I deputati a favore sono stati 161, 59 quelli contrari e 13 gli astenuti. Il voto era l’ultimo passaggio dopo il decreto firmato dall’Ayatollah Ali Khamenei.

“La prossima settimana verrà applicato l’accordo sul nucleare con la fine del limite dei 90 giorni che faceva parte dell’intesa” ha detto il Presidente iraniano Hassan Rohani. “Una volta soddisfatti i termini dell’accordo le sanzioni cadranno. Non ci dovrebbero volere più di uno o due mesi prima che vengano rimosse.
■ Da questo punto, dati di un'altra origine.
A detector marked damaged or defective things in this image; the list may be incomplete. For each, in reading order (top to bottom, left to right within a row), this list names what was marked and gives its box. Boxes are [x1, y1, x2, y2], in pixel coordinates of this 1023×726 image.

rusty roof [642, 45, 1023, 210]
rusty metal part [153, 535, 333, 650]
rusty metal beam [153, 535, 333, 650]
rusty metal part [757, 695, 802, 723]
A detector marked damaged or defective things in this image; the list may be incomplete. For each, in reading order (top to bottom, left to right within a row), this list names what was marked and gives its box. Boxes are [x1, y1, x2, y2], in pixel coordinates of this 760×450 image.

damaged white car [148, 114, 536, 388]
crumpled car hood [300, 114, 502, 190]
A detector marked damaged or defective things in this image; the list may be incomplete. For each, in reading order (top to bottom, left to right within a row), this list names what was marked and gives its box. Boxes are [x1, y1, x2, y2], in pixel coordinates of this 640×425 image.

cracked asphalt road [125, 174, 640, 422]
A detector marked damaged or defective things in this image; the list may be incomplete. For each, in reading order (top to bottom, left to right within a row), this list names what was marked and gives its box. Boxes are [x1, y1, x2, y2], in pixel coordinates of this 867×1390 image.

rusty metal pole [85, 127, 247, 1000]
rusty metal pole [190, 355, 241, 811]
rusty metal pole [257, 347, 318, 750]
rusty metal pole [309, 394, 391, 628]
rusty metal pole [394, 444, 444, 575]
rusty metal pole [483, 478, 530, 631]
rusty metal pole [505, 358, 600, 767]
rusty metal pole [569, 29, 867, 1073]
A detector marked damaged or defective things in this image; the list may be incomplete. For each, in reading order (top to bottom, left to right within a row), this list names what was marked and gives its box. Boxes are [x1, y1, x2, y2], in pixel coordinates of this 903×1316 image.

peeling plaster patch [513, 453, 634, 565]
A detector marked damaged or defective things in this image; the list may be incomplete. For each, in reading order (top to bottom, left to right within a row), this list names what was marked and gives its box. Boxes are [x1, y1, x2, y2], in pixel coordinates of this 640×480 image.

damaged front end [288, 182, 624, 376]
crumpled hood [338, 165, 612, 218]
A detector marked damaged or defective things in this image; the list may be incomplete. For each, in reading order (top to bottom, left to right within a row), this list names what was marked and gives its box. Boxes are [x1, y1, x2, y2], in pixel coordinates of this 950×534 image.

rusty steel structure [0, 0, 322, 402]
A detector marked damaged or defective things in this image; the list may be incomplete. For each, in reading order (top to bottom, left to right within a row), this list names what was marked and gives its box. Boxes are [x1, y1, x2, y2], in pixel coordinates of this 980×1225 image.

E allora il Paese si troverà in una nuova condizione” ha concluso il Capo dello Stato.

In base al testo approvato da Teheran, testo che i Repubblicani negli Stati Uniti avevano tentato fino all’ultimo di bocciare, nessun governo iraniano ha il diritto di produrre o impiegare armi di distruzione di massa.

L’intesa, stipulata dopo anni di negoziato tra l’Iran e il cosiddetto gruppo dei “5+1” composto da Stati Uniti, Russia, Cina, Francia, Regno Unito e Germania (i 5 membri permanenti del Consiglio di Sicurezza delle Nazioni Unite più Berlino) ha avuto una conferma cruciale dopo la visita degli esperti dell’Aiea nel sito nucleare di Parchin dove sono stati constatati progressi significativi in riferimento ai parametri stabiliti a Vienna.

Gli ultraconservatori iraniani si sono strenuamente opposti all’adozione dell’accordo raggiunto con il “Grande Satana” (come gli Stati Uniti vengono tutt’ora qualificati dopo la rottura delle relazioni diplomatiche tra i due Paesi a seguito dalla rivoluzione islamica del 1976). Ma la firma da parte della Guida Suprema della Rivoluzione iraniana ha avuto un peso determinante sul piatto della bilancia.